Eles conversaram muito sobre isso, não só conversaram, eles discutiram sobre isso, sobre essa área técnica e essa área pedagógica como podia ser, como não podia, e o pessoal da área pedagógica falou sobre a lei, que tinha que seguir a lei, no caso das licenciaturas, o que podia e o que não podia. [..]. (D7)

As pessoas têm uma visão assim: eu quero formar professor, mas assim, faz a minha formação técnica, ou propedêutica, do que for, depois me dá uns conteúdos, uns “conceitozinhos” que eu posso ir para a sala de aula ser professor. A ideia de ser professor é essa. (D1)

D1, D2 e D6 acreditam que se não houvesse um amparo legal para a carga horária das disciplinas pedagógicas, as disciplinas técnicas teriam tomado mais espaço.

Só que a Resolução 2 define que 1/5 da carga horária do curso deve ser de disciplinas pedagógicas. Então, não tem como você mexer porque tem a questão da legalidade e a gente está formando professores. Se não a gente cai no mesmo erro que temos hoje, não é? Os professores sem uma formação pedagógica... (D2)

Expõem que os professores das disciplinas técnicas impõem seus conteúdos e cargas horárias e, muitas vezes, não levam em consideração que estão formando um professor e não um engenheiro que ensina.
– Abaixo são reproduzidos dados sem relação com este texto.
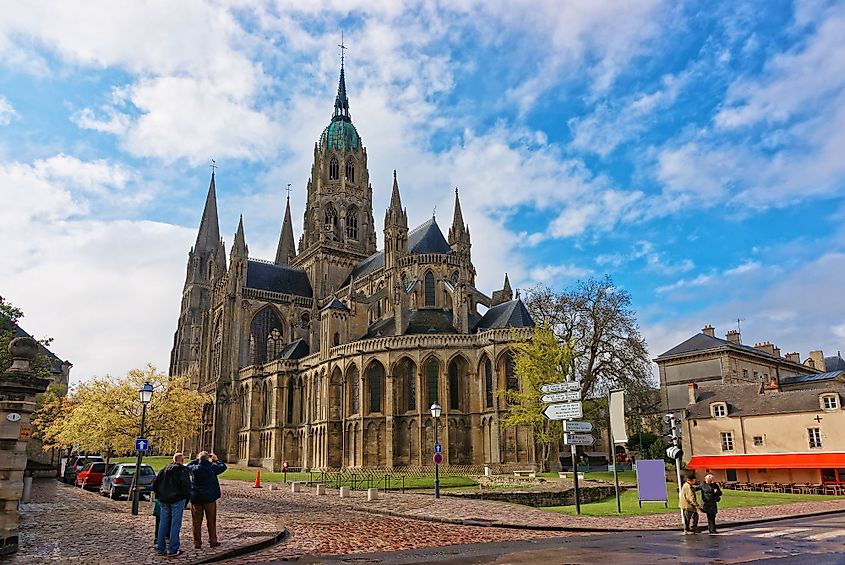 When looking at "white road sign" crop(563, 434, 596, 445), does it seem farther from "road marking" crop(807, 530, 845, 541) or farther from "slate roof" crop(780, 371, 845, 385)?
"slate roof" crop(780, 371, 845, 385)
O pior de tudo sabe o que é? Eles encaixam assim: “minha quantidade é essa” [...] “aqui os conteúdos” [..] “Por que que não tira essa pedagógica?”, eles queriam sempre espremer as pedagógicas para entrar as disciplinas. Porque deve-se ter a ideia de que eu posso formar um professor, licenciar um professor sem que eu faça dele um bacharel professor. Eu tenho que formar um professor, um licenciado, e para isso ele precisa ter uma formação. (D1)
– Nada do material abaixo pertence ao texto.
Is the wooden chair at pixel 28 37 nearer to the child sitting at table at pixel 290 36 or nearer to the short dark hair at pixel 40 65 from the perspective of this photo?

Enfatizam a disputa sobre a carga horária e conteúdo. D2 relata que: “Havia como se fosse uma disputa muito em cima de carga horária e de conteúdo, como se o professor personificasse o componente curricular.” Narraram ainda que a prioridade muitas vezes não era o que o aluno precisava aprender, mas sim o que aquele professor acha que deve ensinar:

O projeto não foi elaborado pensando no perfil do egresso. O que a gente quer do egresso como formação em licenciatura em eletromecânica? [..] Pensaram [...] justamente em termos de componentes curriculares, aqueles que faziam parte de elétrica e os componentes curriculares de mecânica, sem pensar como isso poderia, como isso se desdobra, na vivencia do aluno. (D6)
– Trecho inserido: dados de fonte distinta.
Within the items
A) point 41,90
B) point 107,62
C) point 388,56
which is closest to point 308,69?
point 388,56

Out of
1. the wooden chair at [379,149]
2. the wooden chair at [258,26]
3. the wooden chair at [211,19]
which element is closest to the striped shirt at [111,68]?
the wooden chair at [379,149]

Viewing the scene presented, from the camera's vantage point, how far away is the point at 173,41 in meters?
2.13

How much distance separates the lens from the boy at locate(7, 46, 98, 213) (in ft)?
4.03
Apesar de os membros do NDE descreverem com maior intensidade as relações de tensões entre as engenharias e a pedagogia, houve também declarações que mostram as tensões entre as áreas de elétrica e mecânica, como a mostra a fala de D5:

E aí eu diria que na coordenação de elétrica tenta se puxar uma carga horária para elétrica maior do que a de mecânica, ou a de mecânica acrescenta mais do que a de elétrica, eu digo que o curso acaba tendo uma explosão de carga horária por questões de mecânica e elétrica ficar com aquele dipolo, puxando cada um para uma carga horária maior, não para disciplina, mas para a área de mecânica como um todo. Outros depoimentos reforçam o quanto essa disputa de poder entre as três áreas é perceptível, e que os saberes são selecionados conforme os interesses dos professores, ao invés de serem escolhidos de acordo com o que se espera da formação e identidade profissional do egresso.